As UK delegates head into the final weeks of negotiations at the UN Diplomatic Conference on an Arms Trade Treaty, the Committees on Arms Export Controls Scrutiny of Arms Exports (2012) highlights the effects of domestic export decisions on the wider world and the importance of first getting it right at home.
On Friday July 13, the Committees on Arms Export Controls in the House of Commons released their first joint report, which assesses the most recent UK Strategic Export Controls Annual Report (2010), the Government’s recent review of arms exports to the Middle East and North Africa and additional quarterly reports on arms exports across 2010 and 2011. As UK delegates head into the final weeks of negotiations at the UN Diplomatic Conference on an Arms Trade Treaty, the report highlights the effects of UK domestic export decisions on the wider world and the importance of first getting it right at home.
Normally, reports on the British arms trade by all-party parliamentary committees are weak compromises which - as a result of disagreements over what constitutes ‘ethical arms sales’ and human rights aspects of arms sales along with British jobs and constituency pressures - usually result in watered-down versions of otherwise strong conclusions.
Not this report however. Even though it is a report by not one but four House of Commons committees (Business, Innovation and Skills, Defence, Foreign Affairs and International Development), Scrutiny of Arms Exports (2012) is hard-hitting and pulls few punches.
The Report calls for a far tougher approach by the UK Government when considering arms export licencing decisions. Human rights have to be at the centre of those decisions. The Committees concluded that, “whilst the Government’s statement that ‘respect for human rights and fundamental freedoms are mandatory considerations for all export licence applications’ is welcome, those considerations do not appear to have weighed sufficiently heavily on either the present Government or on its predecessor given the unprecedented scale of arms export licence revocations that the Government has made since the “Arab Spring””. Indeed the record 158 licences revoked since the start of the Arab Spring because of human rights concerns is rightly taken as a sign that “initial judgements to approve the applications were flawed.”
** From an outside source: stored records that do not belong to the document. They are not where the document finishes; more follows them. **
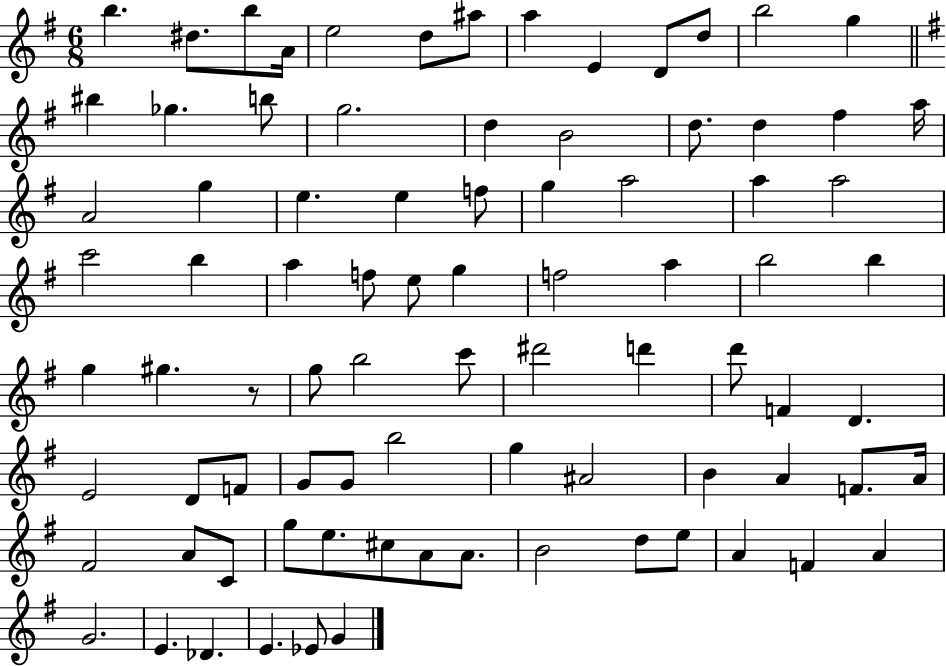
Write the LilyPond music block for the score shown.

{
  \clef treble
  \numericTimeSignature
  \time 6/8
  \key g \major
  \repeat volta 2 { b''4. dis''8. b''8 a'16 | e''2 d''8 ais''8 | a''4 e'4 d'8 d''8 | b''2 g''4 | \break \bar "||" \break \key e \minor bis''4 ges''4. b''8 | g''2. | d''4 b'2 | d''8. d''4 fis''4 a''16 | \break a'2 g''4 | e''4. e''4 f''8 | g''4 a''2 | a''4 a''2 | \break c'''2 b''4 | a''4 f''8 e''8 g''4 | f''2 a''4 | b''2 b''4 | \break g''4 gis''4. r8 | g''8 b''2 c'''8 | dis'''2 d'''4 | d'''8 f'4 d'4. | \break e'2 d'8 f'8 | g'8 g'8 b''2 | g''4 ais'2 | b'4 a'4 f'8. a'16 | \break fis'2 a'8 c'8 | g''8 e''8. cis''8 a'8 a'8. | b'2 d''8 e''8 | a'4 f'4 a'4 | \break g'2. | e'4. des'4. | e'4. ees'8 g'4 | } \bar "|."
}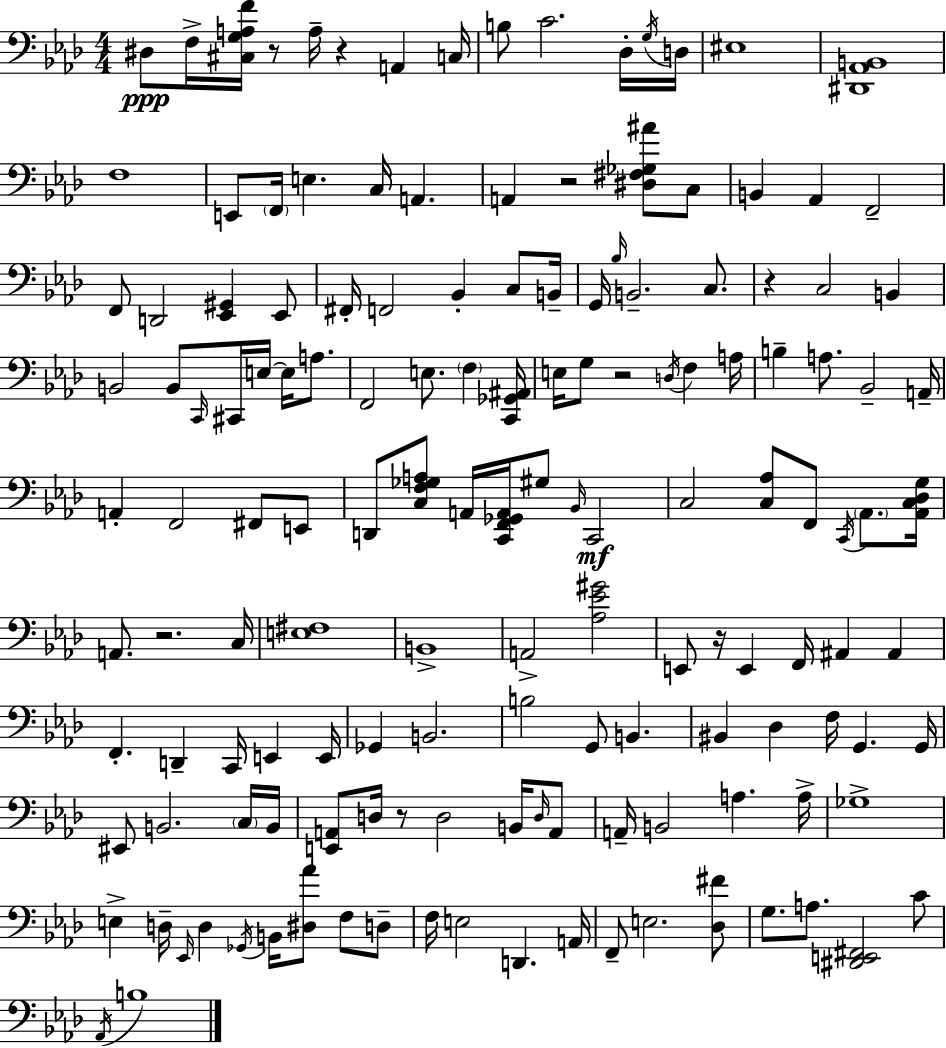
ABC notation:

X:1
T:Untitled
M:4/4
L:1/4
K:Ab
^D,/2 F,/4 [^C,G,A,F]/4 z/2 A,/4 z A,, C,/4 B,/2 C2 _D,/4 G,/4 D,/4 ^E,4 [^D,,_A,,B,,]4 F,4 E,,/2 F,,/4 E, C,/4 A,, A,, z2 [^D,^F,_G,^A]/2 C,/2 B,, _A,, F,,2 F,,/2 D,,2 [_E,,^G,,] _E,,/2 ^F,,/4 F,,2 _B,, C,/2 B,,/4 G,,/4 _B,/4 B,,2 C,/2 z C,2 B,, B,,2 B,,/2 C,,/4 ^C,,/4 E,/4 E,/4 A,/2 F,,2 E,/2 F, [C,,_G,,^A,,]/4 E,/4 G,/2 z2 D,/4 F, A,/4 B, A,/2 _B,,2 A,,/4 A,, F,,2 ^F,,/2 E,,/2 D,,/2 [C,F,_G,A,]/2 A,,/4 [C,,F,,_G,,A,,]/4 ^G,/2 _B,,/4 C,,2 C,2 [C,_A,]/2 F,,/2 C,,/4 _A,,/2 [_A,,C,_D,G,]/4 A,,/2 z2 C,/4 [E,^F,]4 B,,4 A,,2 [_A,_E^G]2 E,,/2 z/4 E,, F,,/4 ^A,, ^A,, F,, D,, C,,/4 E,, E,,/4 _G,, B,,2 B,2 G,,/2 B,, ^B,, _D, F,/4 G,, G,,/4 ^E,,/2 B,,2 C,/4 B,,/4 [E,,A,,]/2 D,/4 z/2 D,2 B,,/4 D,/4 A,,/2 A,,/4 B,,2 A, A,/4 _G,4 E, D,/4 _E,,/4 D, _G,,/4 B,,/4 [^D,_A]/2 F,/2 D,/2 F,/4 E,2 D,, A,,/4 F,,/2 E,2 [_D,^F]/2 G,/2 A,/2 [^D,,E,,^F,,]2 C/2 _A,,/4 B,4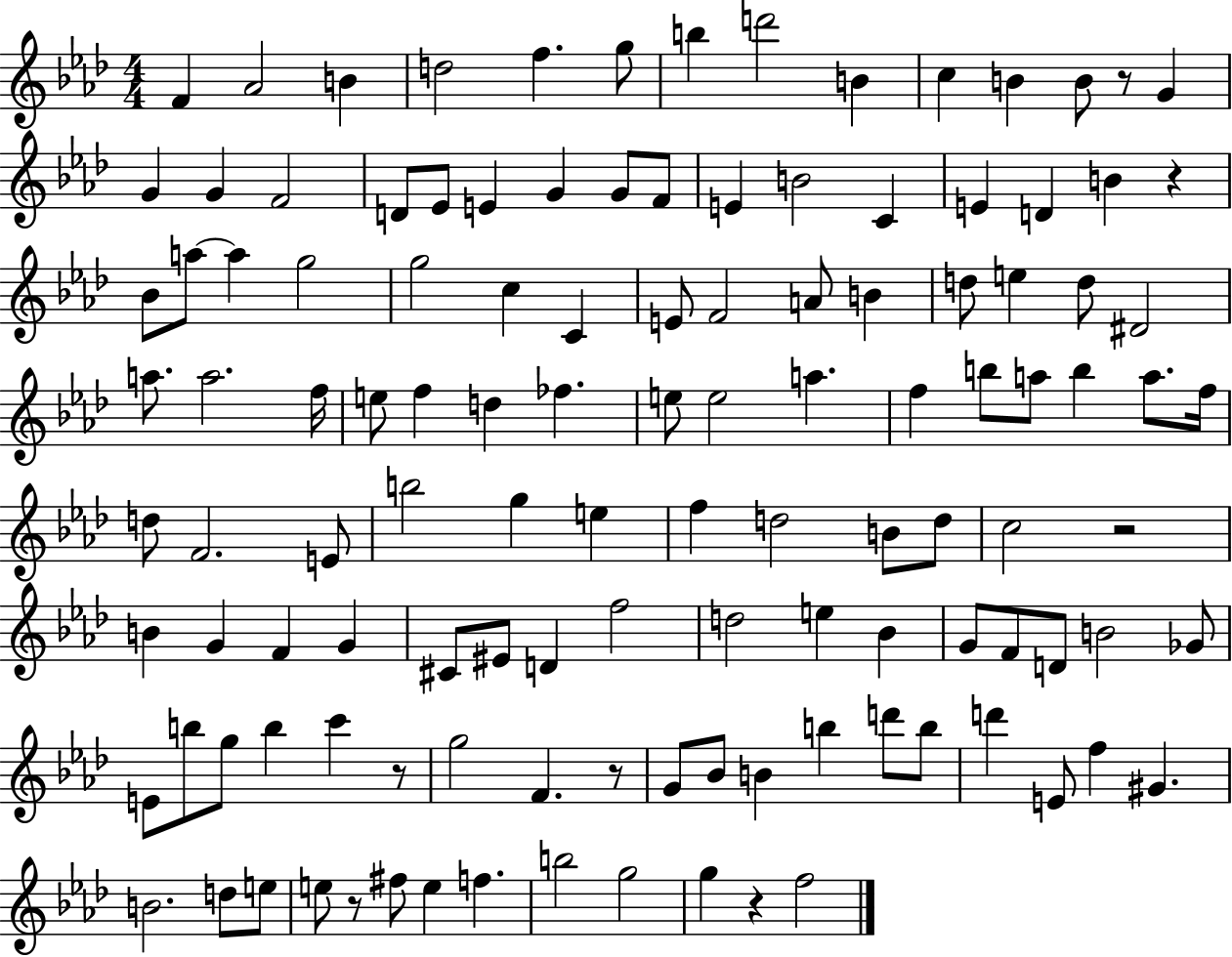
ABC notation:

X:1
T:Untitled
M:4/4
L:1/4
K:Ab
F _A2 B d2 f g/2 b d'2 B c B B/2 z/2 G G G F2 D/2 _E/2 E G G/2 F/2 E B2 C E D B z _B/2 a/2 a g2 g2 c C E/2 F2 A/2 B d/2 e d/2 ^D2 a/2 a2 f/4 e/2 f d _f e/2 e2 a f b/2 a/2 b a/2 f/4 d/2 F2 E/2 b2 g e f d2 B/2 d/2 c2 z2 B G F G ^C/2 ^E/2 D f2 d2 e _B G/2 F/2 D/2 B2 _G/2 E/2 b/2 g/2 b c' z/2 g2 F z/2 G/2 _B/2 B b d'/2 b/2 d' E/2 f ^G B2 d/2 e/2 e/2 z/2 ^f/2 e f b2 g2 g z f2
The Government’s review of arms exports to the Middle East and North Africa started in February 2011, in the wake of a brutal crackdown against popular protests by security forces in Bahrain – which reportedly involved weapons from a British-supplied arsenal of crowd control weapons such as stun grenades, shotguns, crowd control ammunition and canisters of teargas. At the time, Foreign Office Minister Alistair Burt stated that:
“the longstanding British position is clear: we will not issue licences where we judge there is a clear risk that the proposed export might provoke or prolong regional or internal conflicts, or which might be used to facilitate internal repression.”
However, despite the government’s stated intentions, the report highlights 600 extant licences from the UK to countries with known human rights concerns in the Middle East, including Syria, Bahrain and Yemen, where abuses are notoriously on-going. It therefore calls for the Government to review its arms export policy to countries of concern worldwide where UK arms might be used to facilitate internal repression, instead of “merely [awaiting] internal repression [to become] patently clear”.
The report’s Annexes show the importance of pre-emptive assessment, by reviewing the licences which have been revoked since January 2011 from countries such as Bahrain, Libya, Tunisia and Egypt – all sites of particularly violent repressive action by state security forces.
Without exception, it shows that when reassessed, licences were revoked because they were found to be in contravention of two criteria of the UKs Consolidated Criteria for arms exports. These criteria focus on the respect of human rights and fundamental freedoms and on the internal situation in the country of final destination, as a function of the existence of tensions or armed conflicts. In assessing a recipient country, the UK Government undertakes not to issue an export licence if “there is a clear risk that the proposed export might be used for internal repression” and for exports that “would provoke or prolong armed conflicts or aggravate existing tensions or conflicts in the country of final destination”. The Government is also bound to “exercise special caution and vigilance in issuing licences, on a case-by-case basis and taking account of the nature of the equipment, to countries where serious violations of human rights have been established by the competent bodies of the UN, the Council of Europe or by the EU[…]”.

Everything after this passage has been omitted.